Beginning at the line with "İstanbul Horeca Kırılmaz" in the records below, return each line up to and including the last, exactly as it stands, but not the pictures.

== DATA EXTRACT

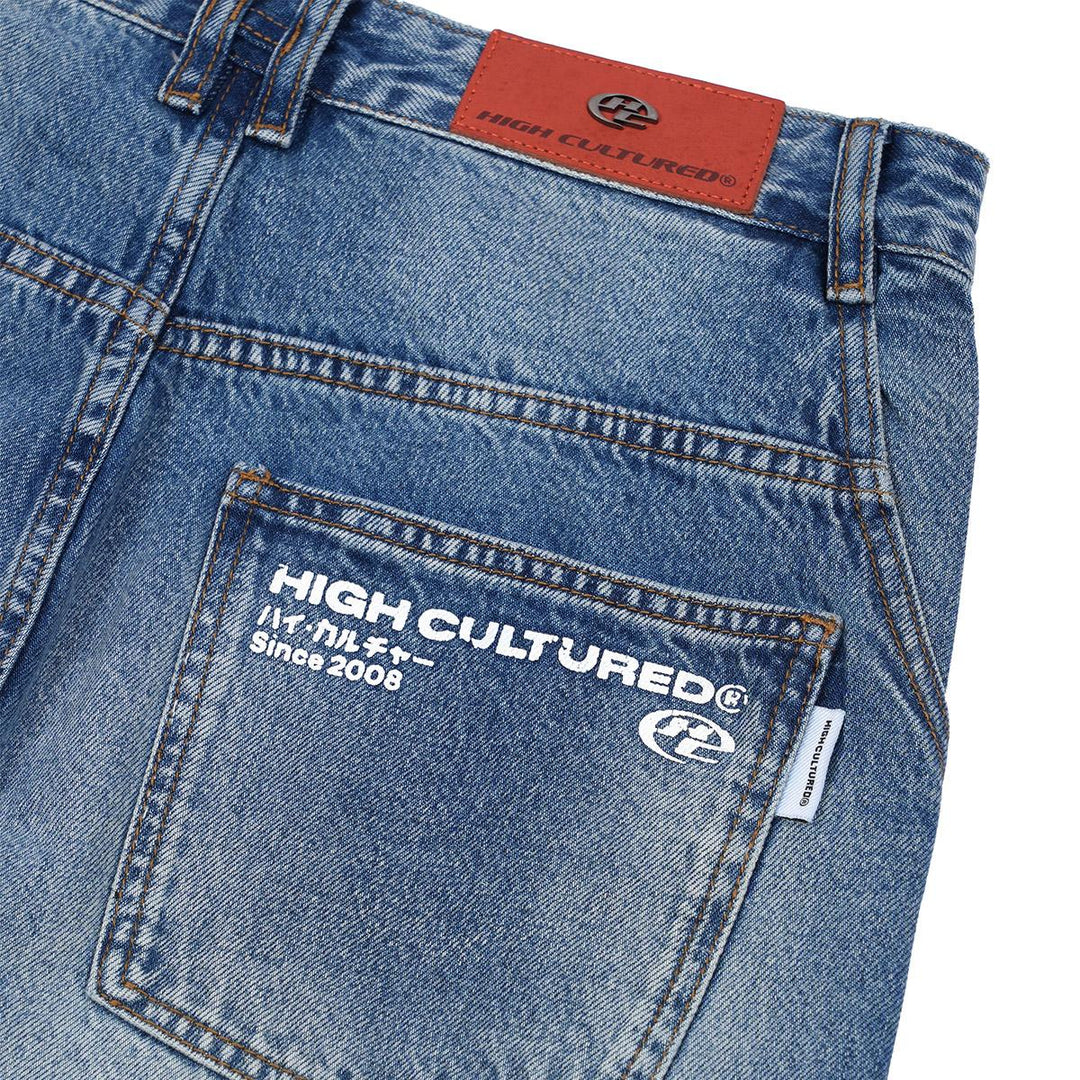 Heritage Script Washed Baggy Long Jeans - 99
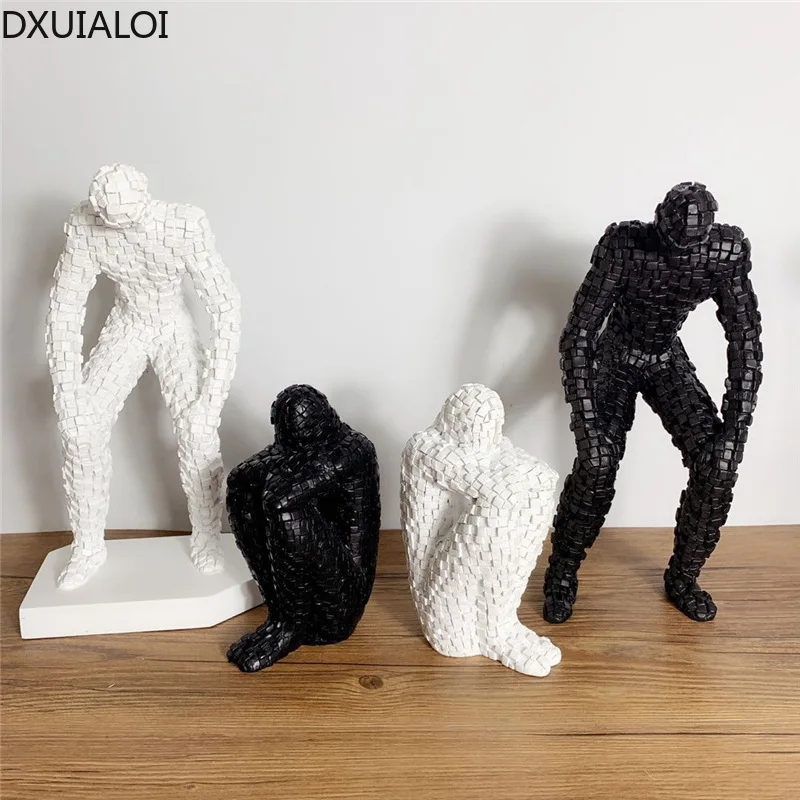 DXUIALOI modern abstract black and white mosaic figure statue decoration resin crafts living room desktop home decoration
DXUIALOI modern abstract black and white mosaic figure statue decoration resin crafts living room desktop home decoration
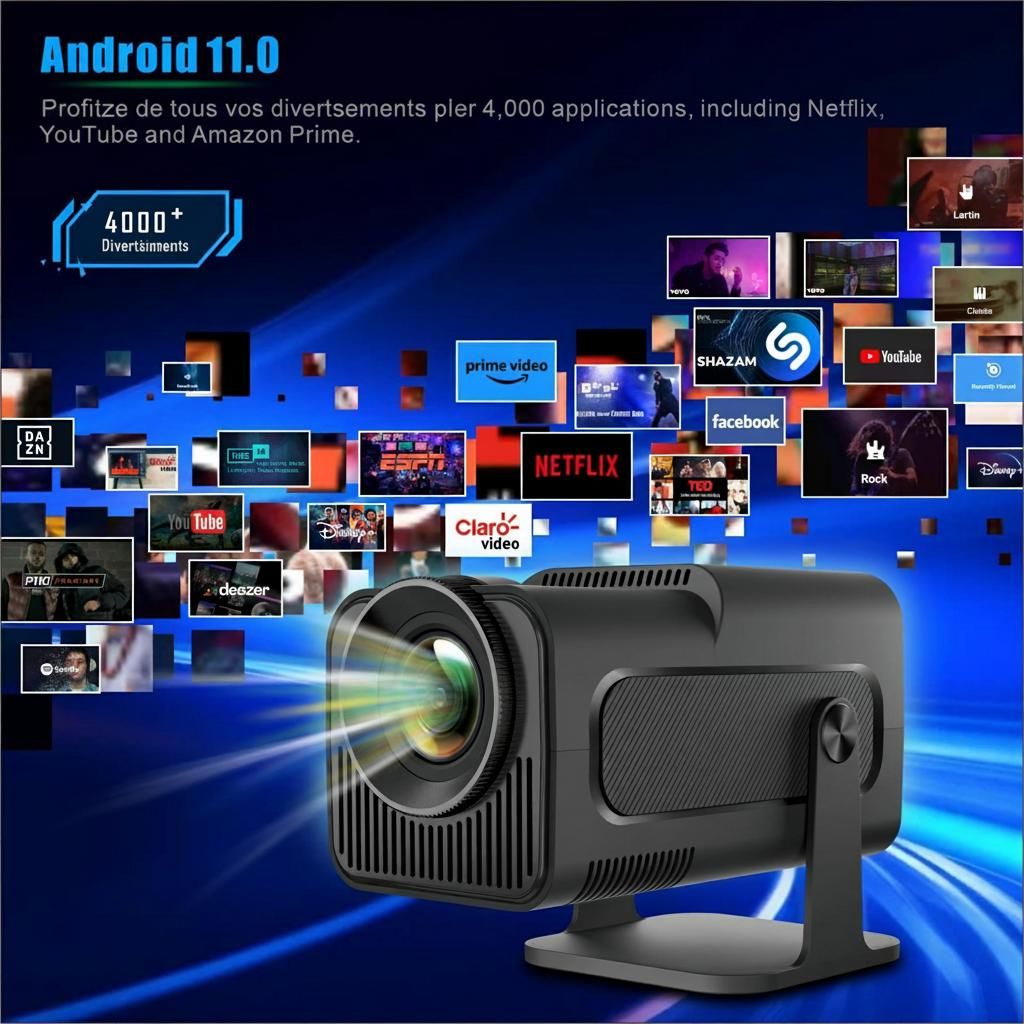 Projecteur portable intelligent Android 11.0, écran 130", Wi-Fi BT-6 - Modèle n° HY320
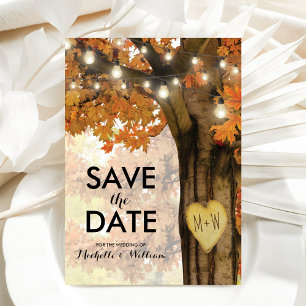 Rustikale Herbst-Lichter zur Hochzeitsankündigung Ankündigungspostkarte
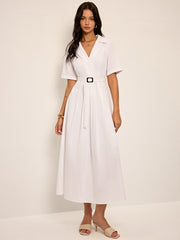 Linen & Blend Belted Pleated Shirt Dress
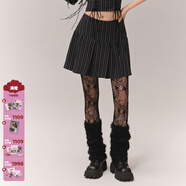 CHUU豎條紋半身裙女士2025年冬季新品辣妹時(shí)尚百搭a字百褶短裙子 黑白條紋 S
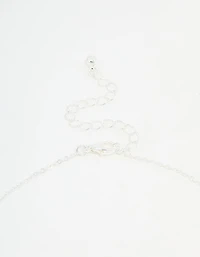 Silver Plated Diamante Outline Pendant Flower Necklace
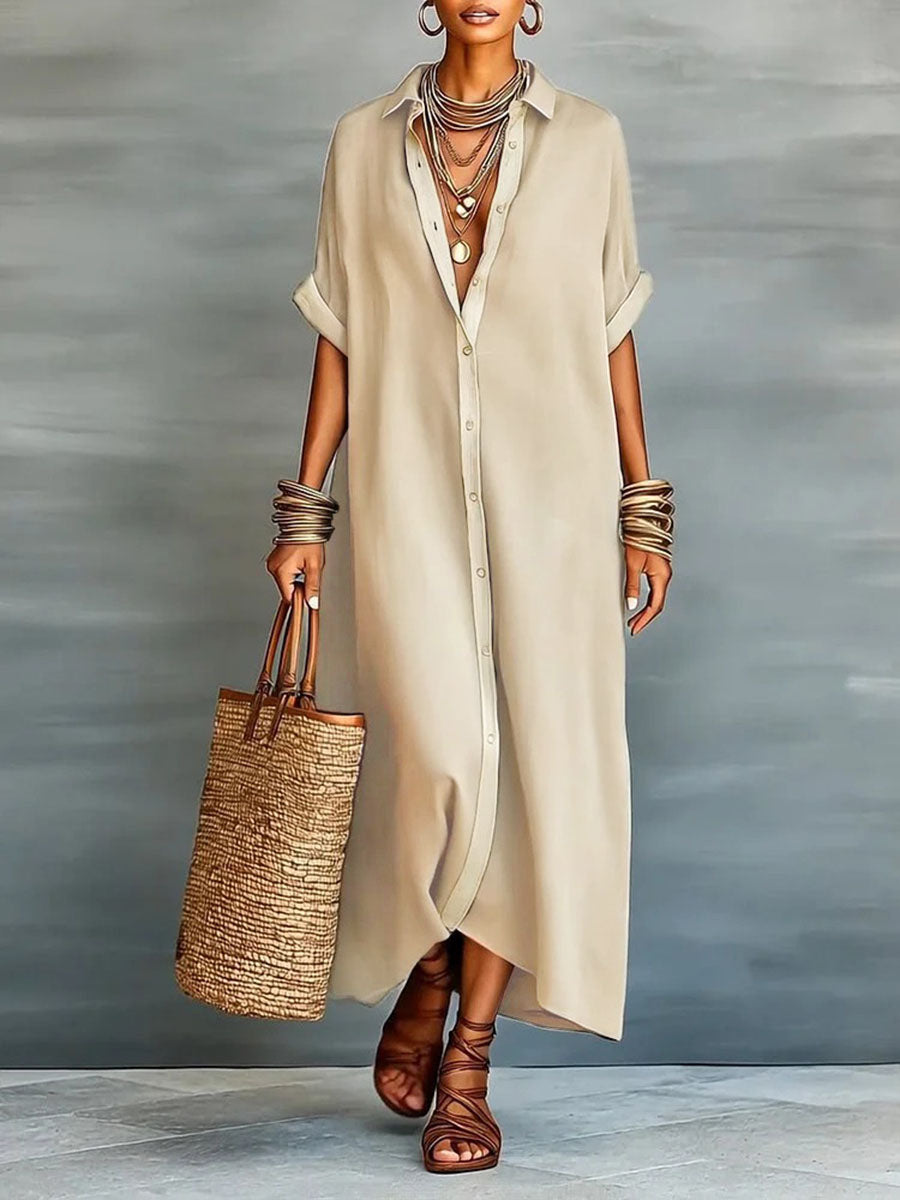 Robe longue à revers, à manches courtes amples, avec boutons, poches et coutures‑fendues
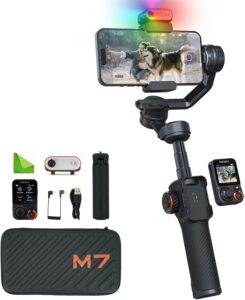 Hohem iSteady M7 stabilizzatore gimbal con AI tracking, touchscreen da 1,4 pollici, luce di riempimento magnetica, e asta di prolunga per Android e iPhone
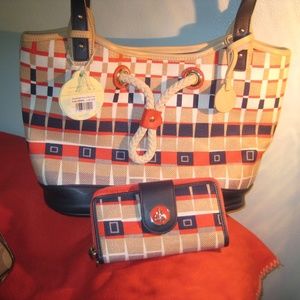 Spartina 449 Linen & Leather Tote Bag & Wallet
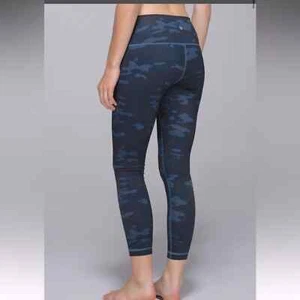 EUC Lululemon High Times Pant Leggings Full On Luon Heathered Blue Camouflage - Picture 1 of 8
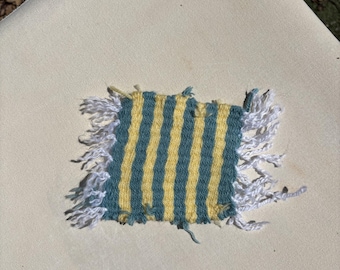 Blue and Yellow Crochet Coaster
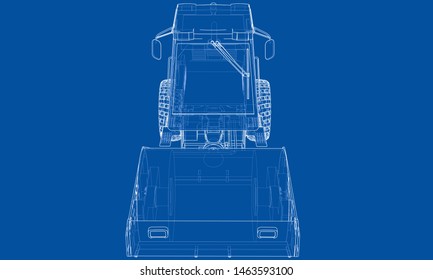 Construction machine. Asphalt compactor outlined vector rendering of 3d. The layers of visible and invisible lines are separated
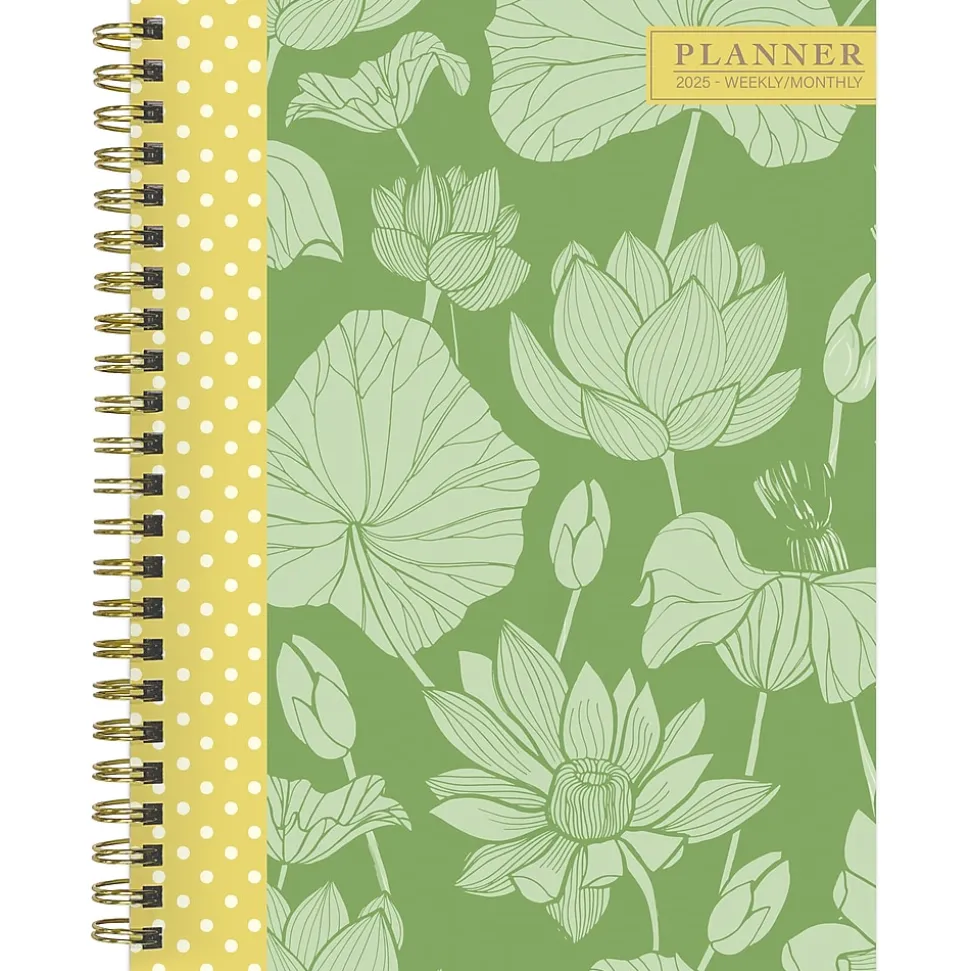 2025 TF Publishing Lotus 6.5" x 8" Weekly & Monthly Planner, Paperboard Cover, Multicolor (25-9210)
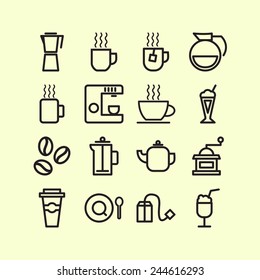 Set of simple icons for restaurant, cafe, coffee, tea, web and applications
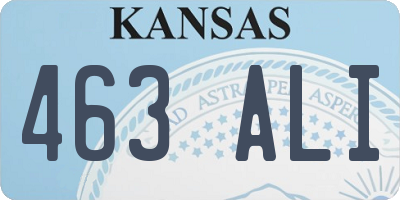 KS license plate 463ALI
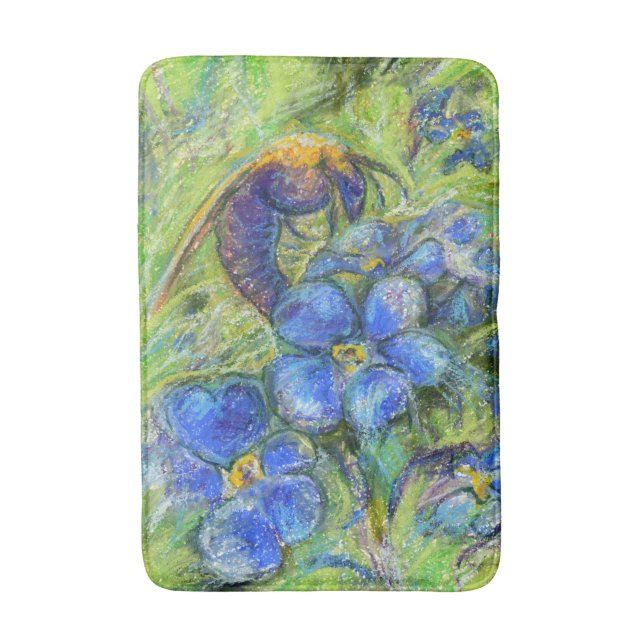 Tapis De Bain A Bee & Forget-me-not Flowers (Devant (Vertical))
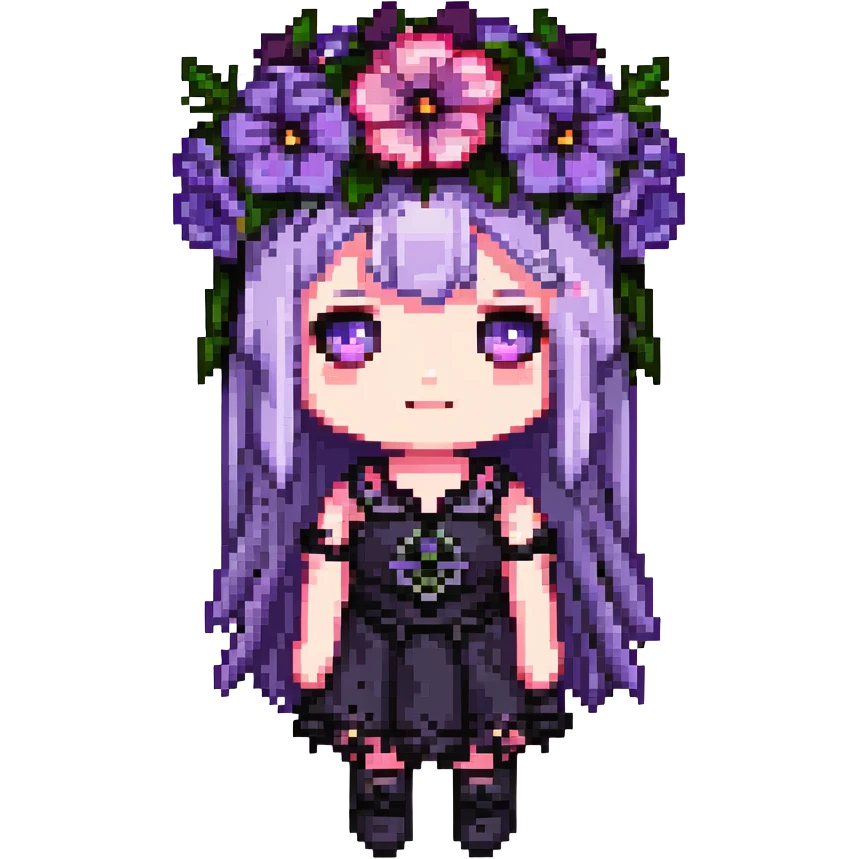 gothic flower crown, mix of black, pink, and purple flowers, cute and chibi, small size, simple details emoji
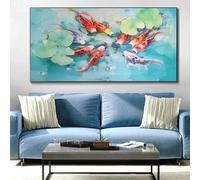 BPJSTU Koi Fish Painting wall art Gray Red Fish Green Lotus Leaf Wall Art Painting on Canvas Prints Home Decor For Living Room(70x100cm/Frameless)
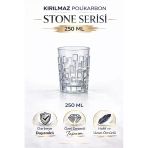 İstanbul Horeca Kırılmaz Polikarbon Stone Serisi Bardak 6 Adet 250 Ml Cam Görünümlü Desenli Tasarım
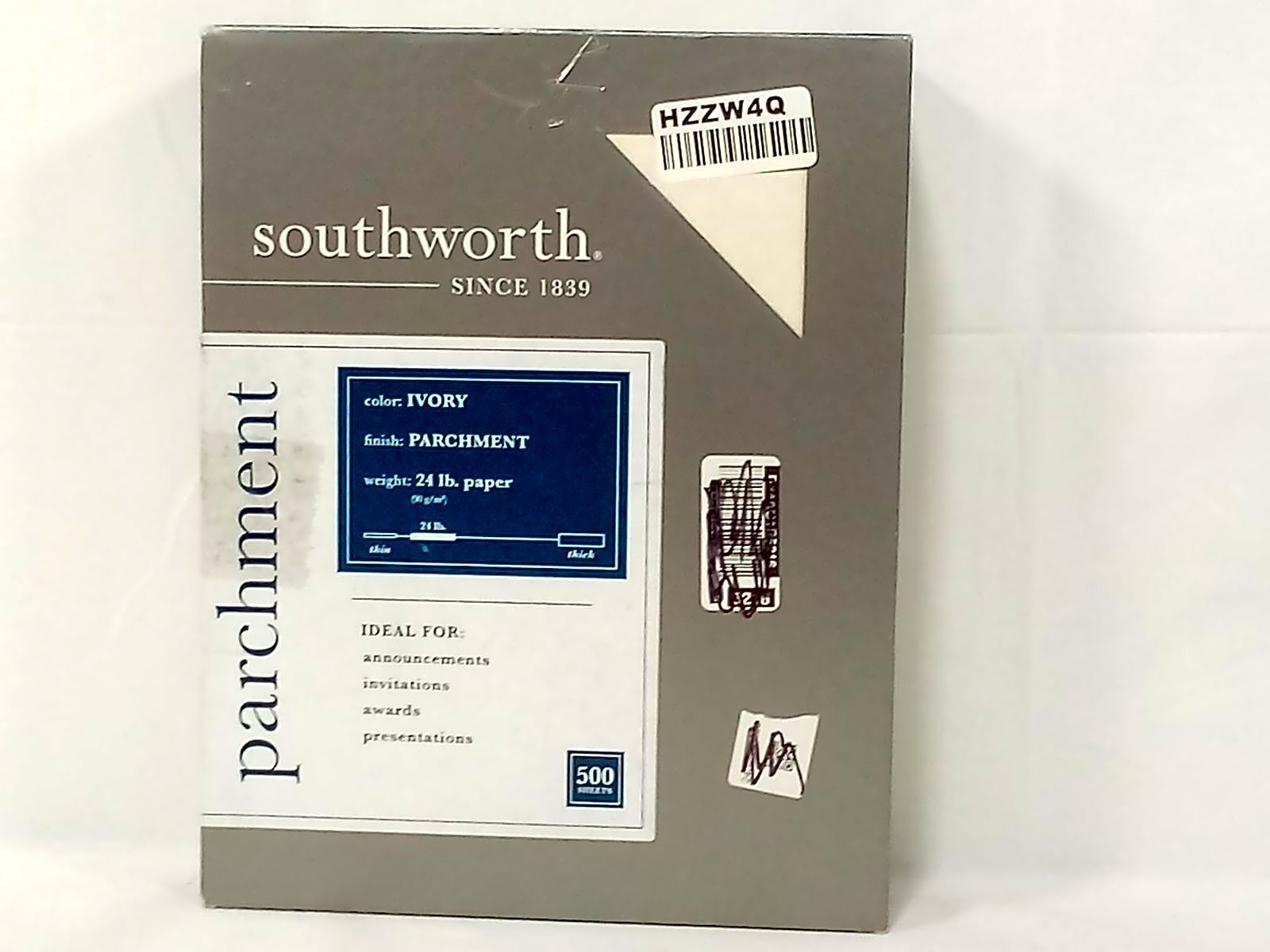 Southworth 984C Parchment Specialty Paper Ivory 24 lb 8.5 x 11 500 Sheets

====

▶ _SOLUTION FOR THIS TASK_
 İstanbul Horeca Kırılmaz Polikarbon Stone Serisi Bardak 6 Adet 250 Ml Cam Görünümlü Desenli Tasarım
 Southworth 984C Parchment Specialty Paper Ivory 24 lb 8.5 x 11 500 Sheets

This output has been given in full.